Delay of project awards to worsen downturn

18 February 2016

Leading economist says it’s a mistake to delay non-oil projects

Delay of project awards particularly in the region’s non-oil sector will worsen the boom-bust cycle, Dr. Nasser Saidi, founder of Nasser Saidi & Associates and former chief economist at the Dubai International Financial Centre (DIFC), told a MEED conference on 17 February.

“It is a mistake… to delay project awards. A down cycle in the oil sector must drive the [regional] governments to focus and strengthen the non-oil sector,” says Saidi. He said investing particularly in science, technology and innovation could pay major dividends during a bust cycle.

Saidi also said the current environment has created a positive environment for implementing fiscal reforms such as the phasing out of fuel subsidies and introducing a taxation regime focusing on value added as well as excise taxes. “We began discussing value added tax with the regional governments]in 2008 but the plans were put on hold when the global crisis hit,” he said.

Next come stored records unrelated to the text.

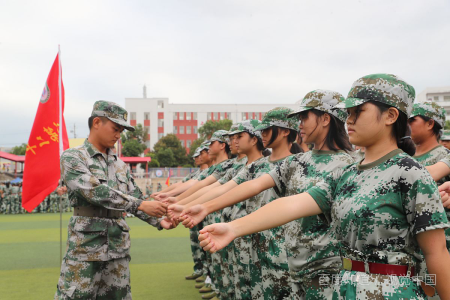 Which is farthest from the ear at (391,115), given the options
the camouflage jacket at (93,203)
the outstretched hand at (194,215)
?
the camouflage jacket at (93,203)

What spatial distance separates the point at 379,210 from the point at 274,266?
6.39 ft

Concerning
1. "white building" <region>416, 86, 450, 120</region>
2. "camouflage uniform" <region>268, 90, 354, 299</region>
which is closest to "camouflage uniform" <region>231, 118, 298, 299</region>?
"camouflage uniform" <region>268, 90, 354, 299</region>

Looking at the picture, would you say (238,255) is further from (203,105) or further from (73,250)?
(203,105)

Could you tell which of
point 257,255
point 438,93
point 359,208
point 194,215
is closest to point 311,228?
point 194,215

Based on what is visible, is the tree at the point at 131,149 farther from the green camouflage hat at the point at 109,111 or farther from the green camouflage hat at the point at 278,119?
the green camouflage hat at the point at 278,119

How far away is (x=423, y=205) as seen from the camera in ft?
5.83

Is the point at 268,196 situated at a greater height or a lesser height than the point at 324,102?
lesser

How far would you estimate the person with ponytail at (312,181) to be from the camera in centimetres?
289

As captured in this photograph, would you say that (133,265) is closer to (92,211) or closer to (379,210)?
(92,211)

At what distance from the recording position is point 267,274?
12.2 feet

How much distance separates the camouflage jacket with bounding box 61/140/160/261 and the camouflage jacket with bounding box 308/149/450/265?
233cm

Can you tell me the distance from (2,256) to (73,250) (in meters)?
6.77

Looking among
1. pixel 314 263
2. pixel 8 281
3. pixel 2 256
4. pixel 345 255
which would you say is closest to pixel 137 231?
pixel 2 256

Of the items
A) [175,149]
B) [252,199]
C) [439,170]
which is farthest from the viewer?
[175,149] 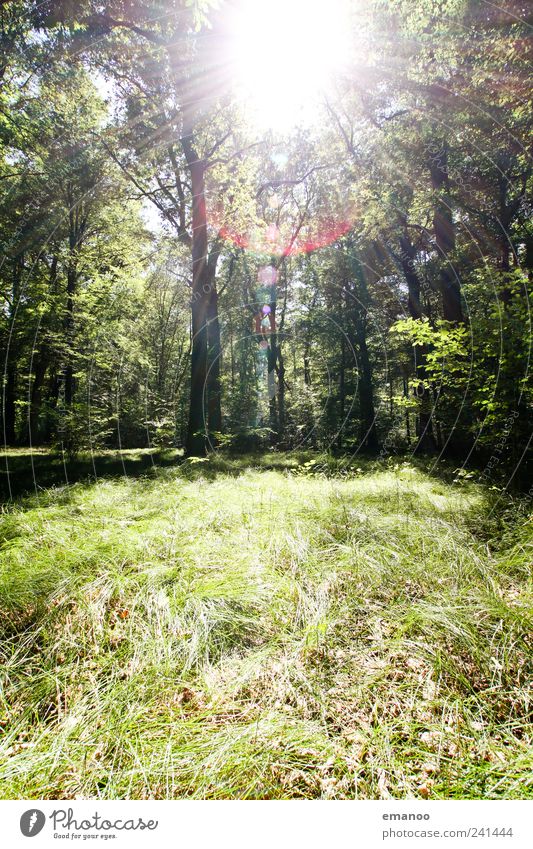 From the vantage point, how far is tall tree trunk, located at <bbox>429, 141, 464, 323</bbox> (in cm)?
1059

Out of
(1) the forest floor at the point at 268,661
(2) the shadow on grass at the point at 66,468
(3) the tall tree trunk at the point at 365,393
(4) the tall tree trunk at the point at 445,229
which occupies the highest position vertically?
(4) the tall tree trunk at the point at 445,229

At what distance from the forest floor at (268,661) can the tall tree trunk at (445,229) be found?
9842mm

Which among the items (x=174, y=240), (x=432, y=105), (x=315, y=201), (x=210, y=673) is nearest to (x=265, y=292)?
(x=315, y=201)

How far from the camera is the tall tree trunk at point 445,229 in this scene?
10.6 meters

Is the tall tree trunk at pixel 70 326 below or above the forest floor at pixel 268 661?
above

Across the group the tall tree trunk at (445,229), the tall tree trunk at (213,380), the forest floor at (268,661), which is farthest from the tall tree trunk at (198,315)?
the tall tree trunk at (445,229)

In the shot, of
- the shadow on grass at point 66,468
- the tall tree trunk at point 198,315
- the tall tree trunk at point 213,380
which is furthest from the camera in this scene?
the tall tree trunk at point 213,380

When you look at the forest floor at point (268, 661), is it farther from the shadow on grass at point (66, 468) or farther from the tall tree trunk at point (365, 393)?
the tall tree trunk at point (365, 393)

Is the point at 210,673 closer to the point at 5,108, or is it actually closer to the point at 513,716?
the point at 513,716

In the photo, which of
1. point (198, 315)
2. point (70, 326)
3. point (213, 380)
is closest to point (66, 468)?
point (70, 326)

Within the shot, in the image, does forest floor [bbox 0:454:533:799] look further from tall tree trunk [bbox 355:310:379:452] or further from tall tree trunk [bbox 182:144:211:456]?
tall tree trunk [bbox 355:310:379:452]

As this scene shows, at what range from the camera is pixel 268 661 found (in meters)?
2.53

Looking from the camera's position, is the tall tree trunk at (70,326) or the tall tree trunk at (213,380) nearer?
the tall tree trunk at (70,326)

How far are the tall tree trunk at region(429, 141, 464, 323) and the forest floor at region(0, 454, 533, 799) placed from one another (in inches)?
387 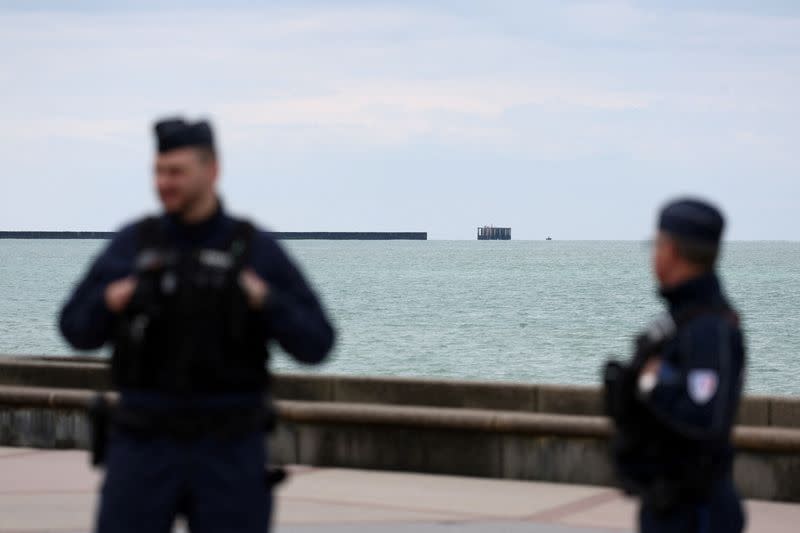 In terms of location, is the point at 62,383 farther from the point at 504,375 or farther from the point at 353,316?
the point at 353,316

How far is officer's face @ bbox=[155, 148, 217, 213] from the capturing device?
416 cm

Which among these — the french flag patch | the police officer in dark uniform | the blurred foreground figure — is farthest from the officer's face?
the french flag patch

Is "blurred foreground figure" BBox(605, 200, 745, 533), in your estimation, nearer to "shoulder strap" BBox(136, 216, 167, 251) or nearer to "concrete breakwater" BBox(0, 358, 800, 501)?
"shoulder strap" BBox(136, 216, 167, 251)

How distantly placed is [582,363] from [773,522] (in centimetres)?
4125

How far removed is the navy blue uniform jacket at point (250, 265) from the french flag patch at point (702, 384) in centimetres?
92

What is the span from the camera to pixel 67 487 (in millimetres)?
9547

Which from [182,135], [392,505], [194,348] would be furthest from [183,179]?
[392,505]

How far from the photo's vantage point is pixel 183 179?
416cm

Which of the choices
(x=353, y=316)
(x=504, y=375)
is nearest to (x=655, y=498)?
(x=504, y=375)

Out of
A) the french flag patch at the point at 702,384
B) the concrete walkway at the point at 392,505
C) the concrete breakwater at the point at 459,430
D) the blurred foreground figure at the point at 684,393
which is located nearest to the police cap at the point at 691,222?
the blurred foreground figure at the point at 684,393

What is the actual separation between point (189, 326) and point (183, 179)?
38 centimetres

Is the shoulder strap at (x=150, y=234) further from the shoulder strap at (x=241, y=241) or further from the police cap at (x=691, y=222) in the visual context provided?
the police cap at (x=691, y=222)

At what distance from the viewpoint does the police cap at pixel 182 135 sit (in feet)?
13.7

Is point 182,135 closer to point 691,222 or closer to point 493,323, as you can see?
point 691,222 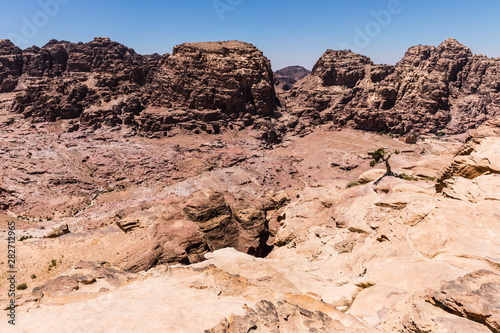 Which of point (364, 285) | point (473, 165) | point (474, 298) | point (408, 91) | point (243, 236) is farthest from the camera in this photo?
point (408, 91)

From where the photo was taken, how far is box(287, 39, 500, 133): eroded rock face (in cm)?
9688

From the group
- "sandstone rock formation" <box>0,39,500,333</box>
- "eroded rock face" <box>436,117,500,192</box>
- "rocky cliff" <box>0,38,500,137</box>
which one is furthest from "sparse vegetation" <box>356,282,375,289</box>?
"rocky cliff" <box>0,38,500,137</box>

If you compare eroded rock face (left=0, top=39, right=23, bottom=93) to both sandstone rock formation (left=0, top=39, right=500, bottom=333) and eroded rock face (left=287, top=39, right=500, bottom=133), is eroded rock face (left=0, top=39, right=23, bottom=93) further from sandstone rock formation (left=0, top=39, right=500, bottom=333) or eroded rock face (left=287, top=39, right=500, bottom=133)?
eroded rock face (left=287, top=39, right=500, bottom=133)

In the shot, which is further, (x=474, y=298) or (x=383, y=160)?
(x=383, y=160)

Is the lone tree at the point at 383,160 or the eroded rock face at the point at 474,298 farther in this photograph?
the lone tree at the point at 383,160

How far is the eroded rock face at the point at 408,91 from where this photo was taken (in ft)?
318

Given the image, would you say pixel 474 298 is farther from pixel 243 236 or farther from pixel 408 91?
pixel 408 91

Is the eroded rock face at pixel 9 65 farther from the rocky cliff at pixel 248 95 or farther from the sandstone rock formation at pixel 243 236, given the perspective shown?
the sandstone rock formation at pixel 243 236

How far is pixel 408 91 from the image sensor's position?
4001 inches

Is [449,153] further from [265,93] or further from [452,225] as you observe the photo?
[265,93]

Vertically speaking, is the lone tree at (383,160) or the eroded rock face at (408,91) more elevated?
the eroded rock face at (408,91)

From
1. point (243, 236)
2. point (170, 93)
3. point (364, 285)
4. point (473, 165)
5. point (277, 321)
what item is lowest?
point (243, 236)

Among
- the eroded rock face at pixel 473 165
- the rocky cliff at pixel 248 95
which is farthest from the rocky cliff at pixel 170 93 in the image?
the eroded rock face at pixel 473 165

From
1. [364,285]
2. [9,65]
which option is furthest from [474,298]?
[9,65] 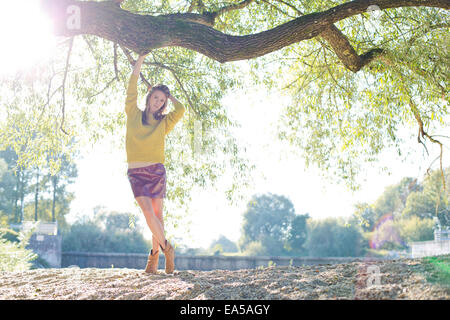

Saidi cited that introducing a minimum excise tax on energy use in Saudi Arabia alone could help the government raise an additional $53bn in its annual revenues even while it will help eliminate wasteful energy utilisation practices.

While it is generally feared that a taxation regime could potentially erode the GCC states’ competitiveness particularly in attracting foreign expat workers due to increased cost of living, Saidi said VAT and excise taxes on very select products will not impact the region’s competitiveness at all “especially if these countries will start investing aggressively in science, technology and innovation.”